C'est le cas pour Blanc résine. Pourtant les premières pages sont vertigineuses, mots inconnus, repères volontairement flous entre rêve et réalité, et déjà cependant la sensation d'une fascination naissante pour le personnage. Elle, qui ne recevra aucun nom de ses vingt-quatre mères mais se nommera dès que les premiers mots franchiront ses lèvres pour devenir Daã.

Un autre destin hors norme s'impose en parallèle. Celui de l'enfant plus blanc que neige, privé de sa mère à peine né. L'enfant albinos grandit dans le décor gris-noir de la mine, promis à en parcourir les galeries, pour secourir les multiples accidentés.

Les deux chemins, celui de la femme qui sillonne bois et prés en quête de plantes qui guérissent et celui de l'homme pâle se croiseront un jour, et de l'union de leur différence adviendra le meilleur ou le pire…

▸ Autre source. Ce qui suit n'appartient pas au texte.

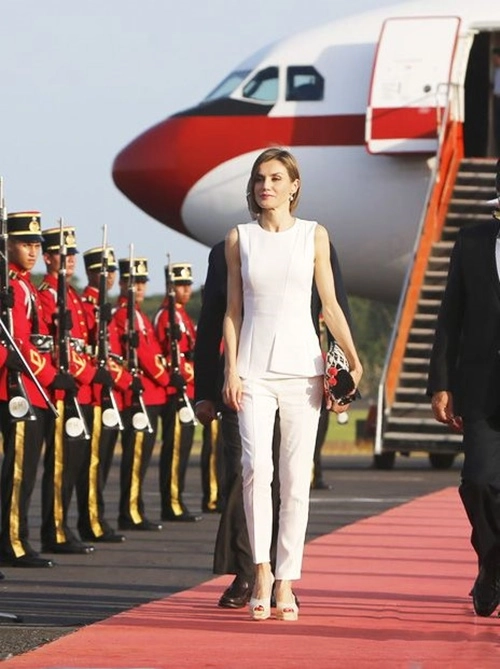 Mẹo bảo toàn sắc vóc của nàng letizia lọ lem xứ bò tót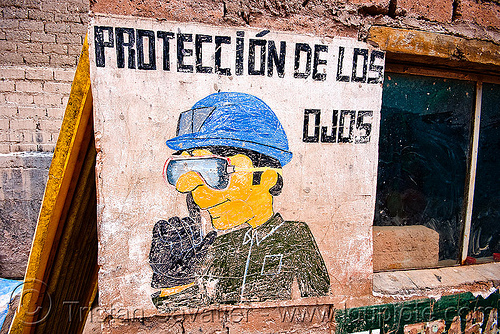 safety goggles sign - "protección de los ojos", bolivia, cerro rico, man, mina candelaria, mine worker, miner, mining, potosí, safety goggles, safety sign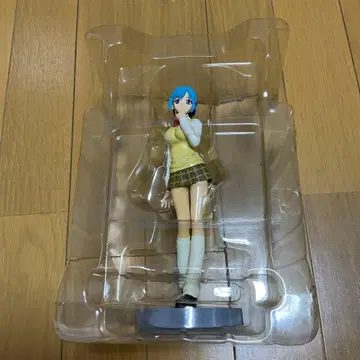 로사리오와 뱀파이어 피규어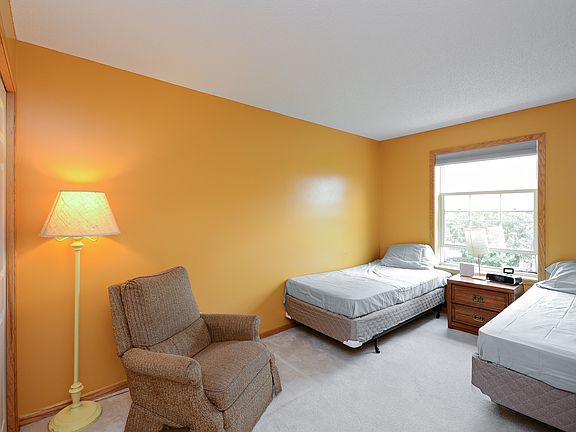 5th image of 1953 Bluestem Ln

C'est un coup de coeur, de ceux qui ralentissent la lecture pour s'imprégner de chaque phrase, en se laissant porter par l'atmosphère parfois onirique parfois réaliste et violente.

L‘écriture joue avec les sens, les contrastes de couleur, les odeurs et les sons, créant des espaces poétiques originaux.

Peu importe de ne pas saisir le sens précis de certains mots, (un lexique est proposé en fin de récit, mais n'est pas indispensable). le son des mots est suffisant pour qu'il ne soit pas nécessaire de visualiser la plante ou l'animal qu'ils désignent, et certains termes se font évidence (comme l'ina maka que l'on traduit rapidement comme la terre-mère).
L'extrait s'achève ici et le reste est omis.